The rise in inflation rates could have a silver lining for your retirement.

Article published: November 25, 2024

As we continue to experience market volatility, elevated inflation rates and questions about the health of the economy, our advice is the same as it always is in times of uncertainty – focus on what you can control. Deferring when you take Social Security is both something you can control and a strategy that can offer you an inflation-protected retirement income stream.

“The low inflation we saw since the early 1980s was both a blessing and a bit of a curse,” says Vice President of Financial Research, Dr. Wei-Yin Hu.

“Low inflation is great when you’re a consumer, but it lulled us into forgetting that inflation is a big risk. And that risk matters even more once you’re in retirement, where you have fewer ways to adjust if inflation were to spike up again.”

In an effort to help address that risk, in 1972, legislation passed that requires Social Security and Supplemental Security Income benefits to adjust automatically to keep pace with inflation. This cost-of-living adjustment, or COLA, is based on the increase in consumer prices for a variety of household goods and services. If there is a year-to-year increase of at least 0.1%, then benefits are adjusted higher.

“We always considered the automatic inflation adjustment in Social Security to be a key component of the program,” says Dr. Hu.

The most recent COLA was 3.2%, which is a decrease from the previous year of 8.7%, the highest increase in 40 years.

 

However, in some cases these large increases can offer an opportunity to take advantage of the COLA feature as part of your Social Security claiming strategy.
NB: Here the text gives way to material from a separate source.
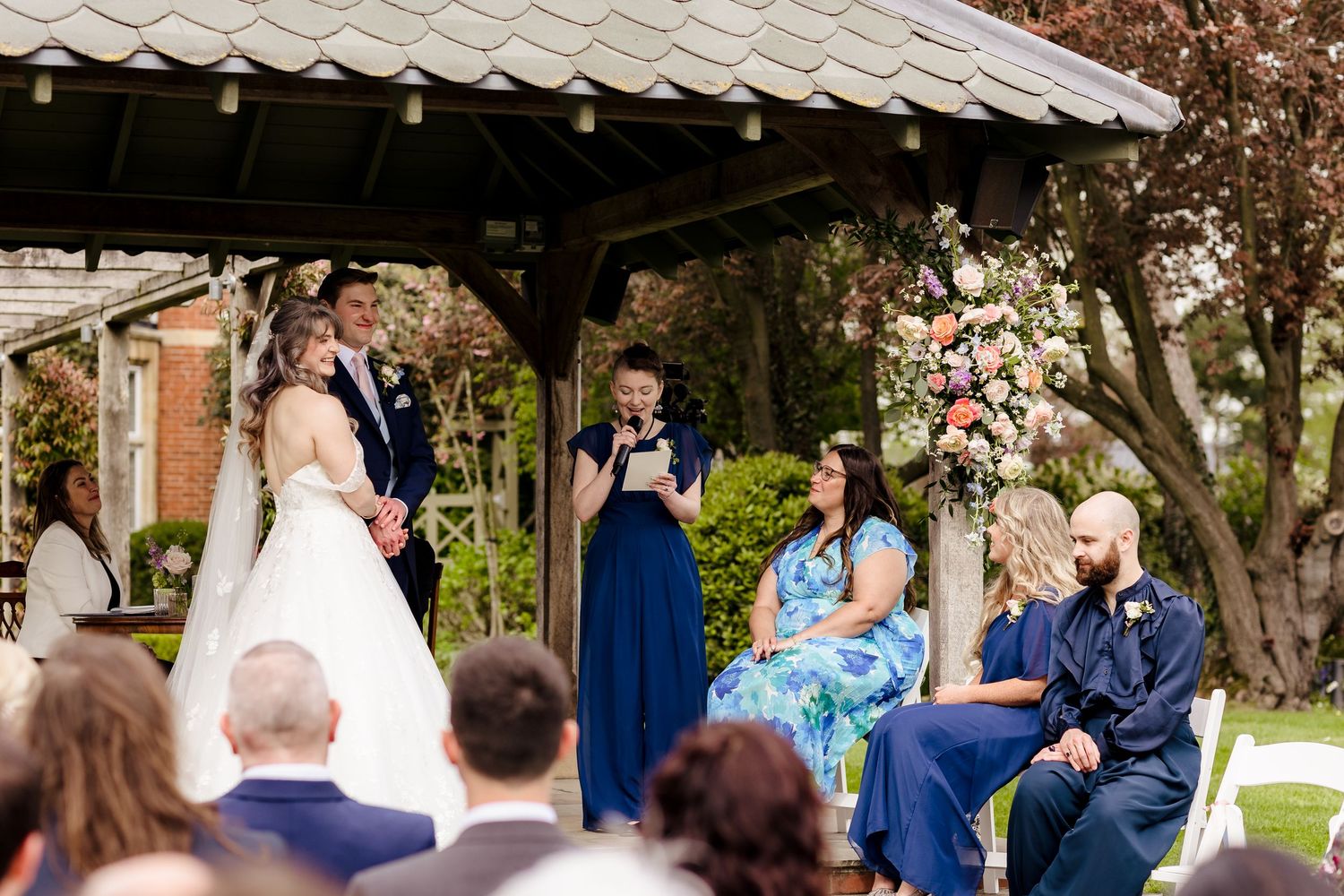 Wedding ceremony under gazebo with bride, groom, and officiant surrounded by floral arrangements.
“Clients often ask if there is anything they can do to get more inflation protection,” says Dr. Hu. “Well, there is. Our advice for most households is to delay taking Social Security, at least for the primary earner in a household, past the age you’re first eligible to take it.”

Often, we suggest delaying Social Security benefits until age 70 as long as you have enough other sources of income to cover your needs and you don’t have reason to think your life expectancy will be shorter than average. “This delaying of benefits provides two advantages. First, you’re likely to get more total benefits over your lifetime. Second, more of your retirement income will be protected against inflation. So, if inflation should rise again 10, 20 or even 30 years in the future, you’ll have that extra comfort level from Social Security,” Dr. Hu concludes.

Decisions regarding Social Security are highly personal and depend on a number of factors such as your health and family longevity, whether you plan to work in retirement, whether you have other income sources as well as your anticipated future financial needs and obligations.